* [Task instructions]
Copy nothing but the lines from the opening of the entries through the line that contains "Adorable preschooler girl", exactly as written. Drop the pictures.

* [Scraped caption text data]

--- START ---

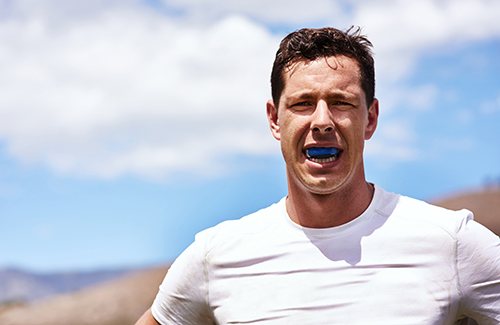 Patient in Grantsville putting in a mouthguard avoid dental emergencies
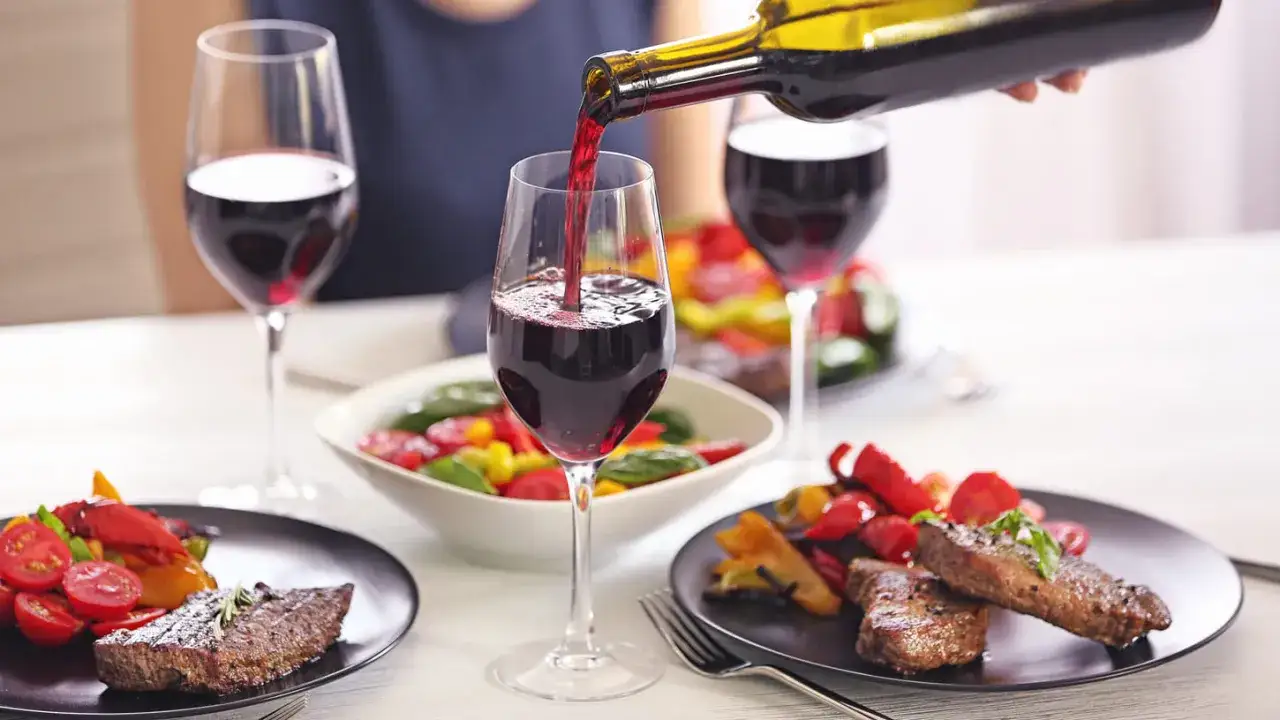 Servicio de vino tinto en copas, acompa&ntilde;ando un delicioso maridaje de vinos con filetes y ensalada de pimientos y tomates.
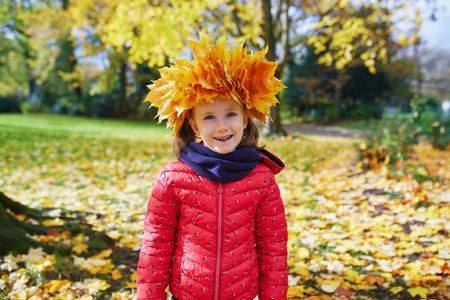 Adorable preschooler girl in maple leaves head decoration enjoying nice and sunny autumn day outdoors. Happy child walking on a fall day in Paris, Franceの写真素材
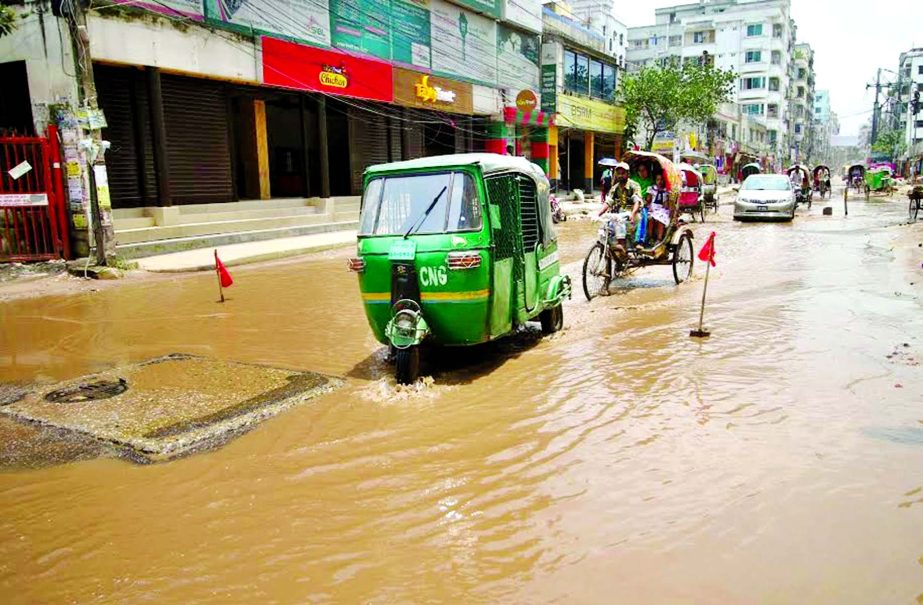 Big potholes being developed as rain water submerges the main thoroughfare at South Banasree in Khilgaon. This photo was taken on Tuesday.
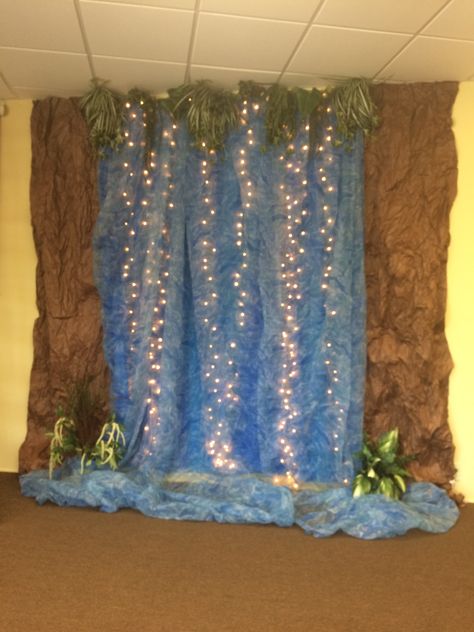 My own waterfall. I'm so thrilled because I had all the materials on hand to make this one. 3 blue plastic tablecloths, wrinkled brown paper, "water" gossamer fabric, and two tired looking floral greenery pieces that I deconstructed for my "plants". Water Theme Decorations, Kids Room For Two, Paper Waterfall, Trendy Classroom, Waterfall Decoration, Classroom Door Ideas, Wrinkled Paper, Vbs Themes, Water Wall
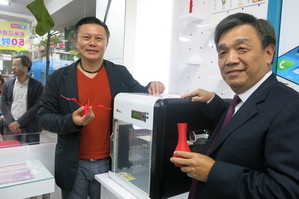 XYZprinting董事长沈轼荣(左)展示自家XYZPrinting。(图/陈韦哲摄)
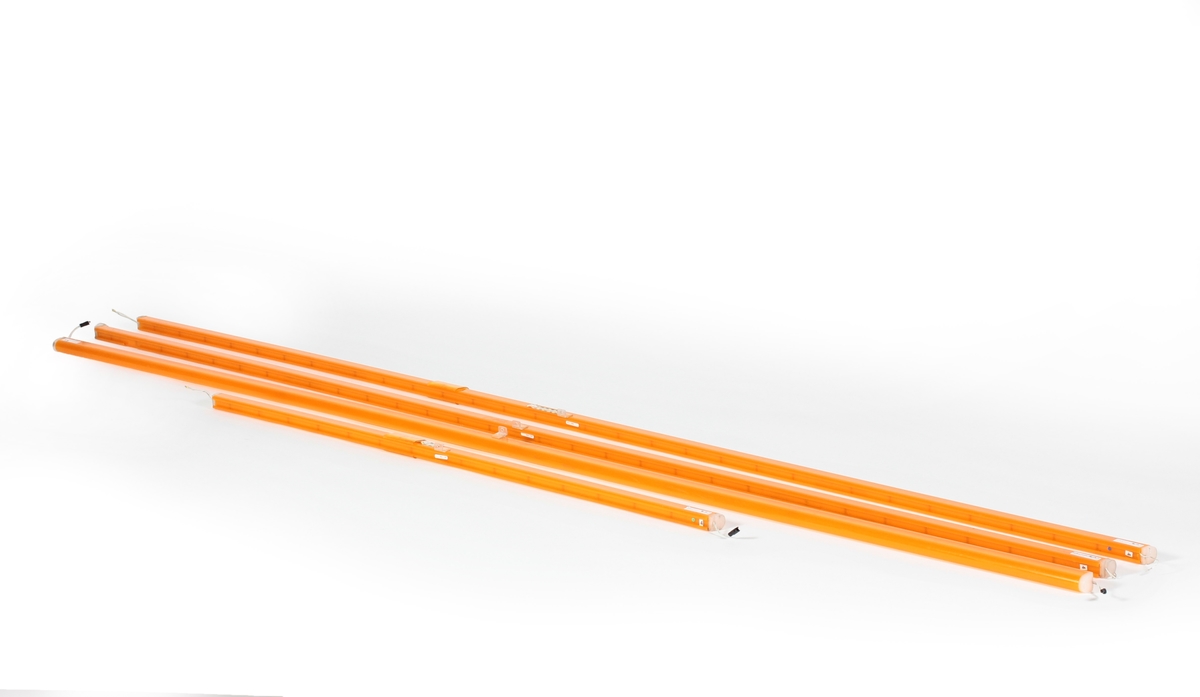 Oransje lysstoffrør, 4 stk., som er koblet sammen med små sammenkoblingsledninger. Lysstoffrørene har vært montert langs taket over bensinpumpene på bensinstasjonen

--- END ---

* [Expected answer]
 Patient in Grantsville putting in a mouthguard avoid dental emergencies
 Servicio de vino tinto en copas, acompa&ntilde;ando un delicioso maridaje de vinos con filetes y ensalada de pimientos y tomates.
 Adorable preschooler girl in maple leaves head decoration enjoying nice and sunny autumn day outdoors. Happy child walking on a fall day in Paris, Franceの写真素材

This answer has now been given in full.